Questo testo, che non so da dove provenga ma in cui riconosco la grande statura del musicista tedesco, mi ha fatto ricordare l’introduzione di Oreste Bossini a un recente concerto della Società del Quartetto in cui disse (cito a memoria, spero di non tradirlo) che la forma musicale del Quartetto d’archi nasce o si definisce con Haydn nello stesso periodo in cui, con l’illuminismo avanzante, si sviluppa il piacere privato della conversazione e del reciproco ascoltarsi: i quattro strumenti suonando insieme si parlano e si ascoltano vicendevolmente, argomentano e conversano fra loro sviluppando i temi musicali come fossero argomenti di conversazione.

Questa lunga premessa vuole essere un tributo alla eccellenza della musica da camera cui grandissimi interpreti, molto spesso giovani, dedicano la vita. La musica da camera è infatti un genere musicale che pretende un enorme impegno (ai più sconosciuto) e che fino a poco tempo fa – in particolar modo in Italia, dove gli ascoltatori hanno storicamente privilegiato prima l’opera lirica e poi la musica sinfonica – faticava a imporsi.
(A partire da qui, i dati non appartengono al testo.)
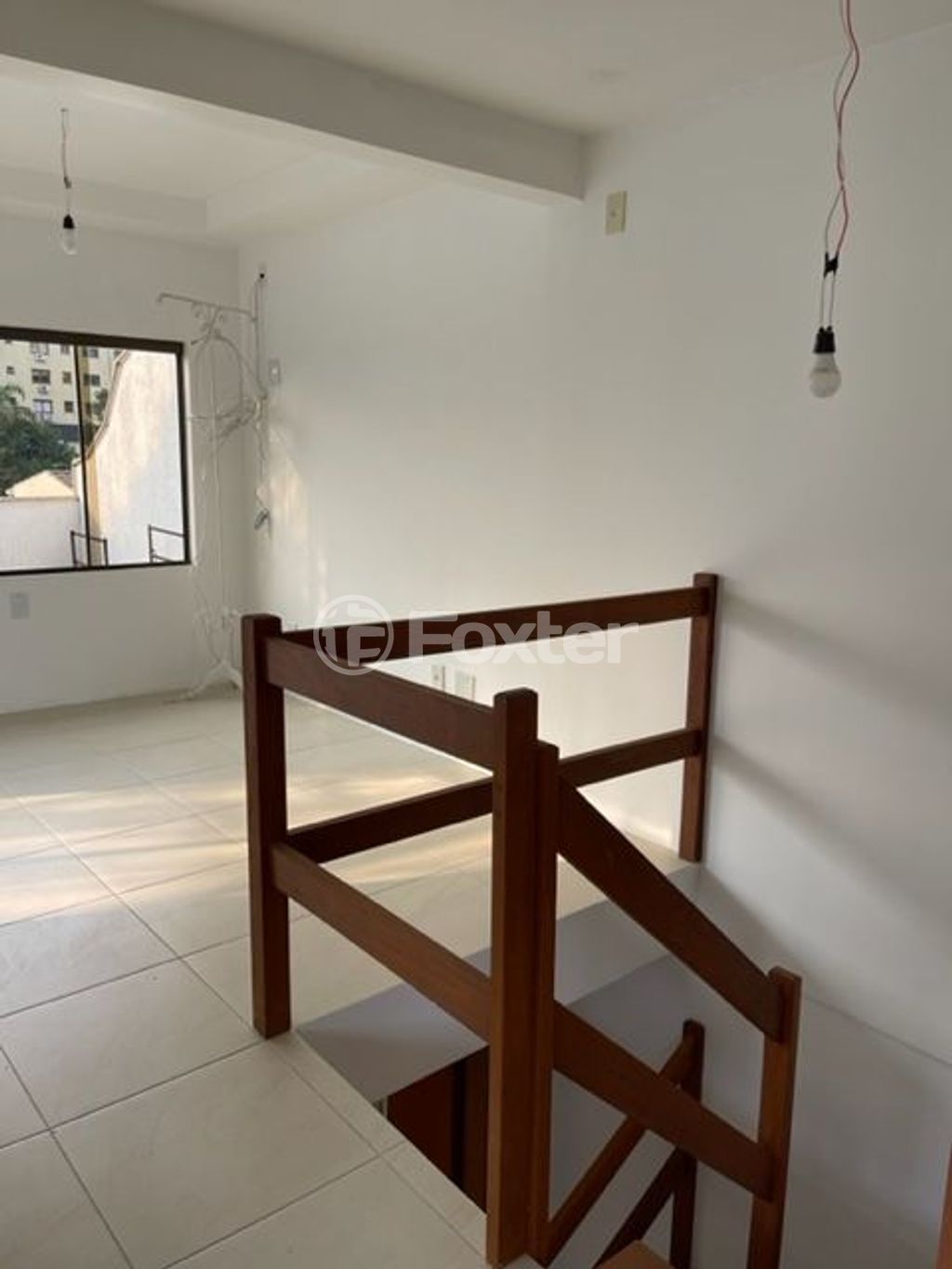 Cobertura para comprar em Felicíssimo de Azevedo, 858 - foto 22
Ora le cose vanno un po’ meglio, ma dobbiamo chiederci come mai un concerto come quello dedicato ai meravigliosi Lieder di Schumann delle opere 24, 42 e 48 – eseguiti lunedì scorso alla Scala da un baritono celebre come Matthias Goerne accompagnato al pianoforte dal non meno celebre Christoph Eschenbach – si è svolto davanti a una sala semivuota mentre nelle settimane scorse, per le recite delle mediocri Nozze di Figaro, non si trovava posto.
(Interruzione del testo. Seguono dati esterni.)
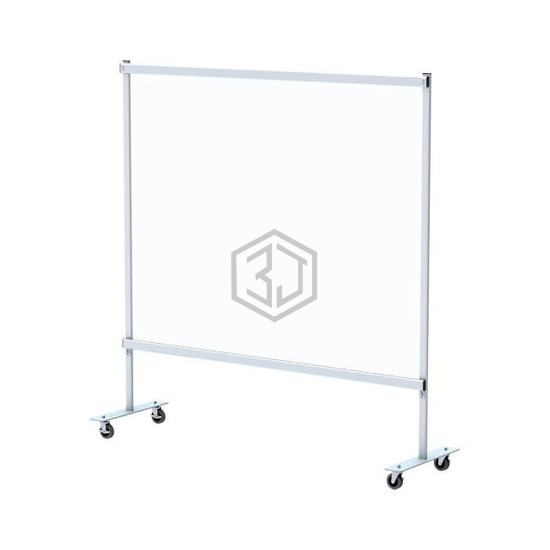 695860 - Global Industrial - Office Furniture - Partitions and Accessories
Va meglio per fortuna per la musica strumentale, visto che la sala Verdi del Conservatorio era piena per l’impeccabile esecuzione integrale e “cronologica” dei Quartetti di Mozart, conclusi proprio in questi giorni dal Quartetto di Cremona, e che così certamente sarà per il ciclo integrale delle opere per pianoforte, violino e violoncello di Beethoven che il Trio di Parma eseguirà sempre per la Società del Quartetto a partire dai primi di febbraio e fino a maggio.
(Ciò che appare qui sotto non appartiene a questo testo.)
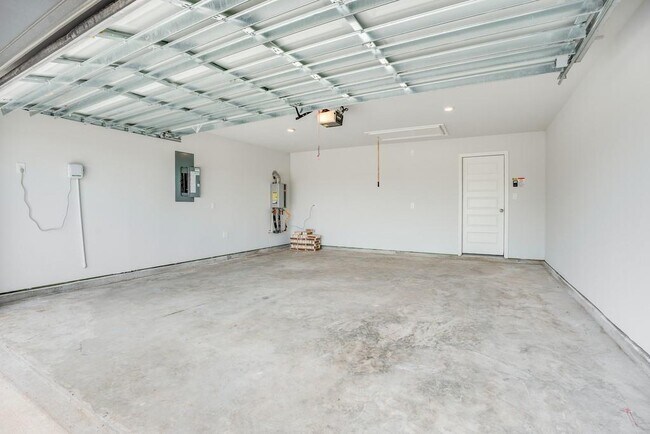 Building Photo - 10931 Maple Mist Dr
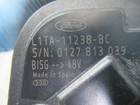 Bild 6 von 6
Riflettendo sulla premessa e sulla situazione mi domando quanto sia appropriato l’ascolto della musica da camera nelle grandi sale da concerto come la Sala Verdi del Conservatorio o il Teatro alla Scala; sale enormi in cui – per quanto buona possa essere l’acustica, e spesso non lo è – si perdono sia il senso della citata osservazione di Hindemith che il concetto espresso da Bossini. Lontana da me, per carità, l’idea di criticare le più che benemerite istituzioni che organizzano concerti e stagioni di musica da camera proposte nelle grandi sale; resta però il fatto che se si avesse la fortuna di ascoltare gli strumenti e le voci a distanza ravvicinata e in ambienti piccoli cambierebbe totalmente la percezione della musica, la si godrebbe assai più intimamente, la si apprezzerebbe e la si capirebbe molto di più.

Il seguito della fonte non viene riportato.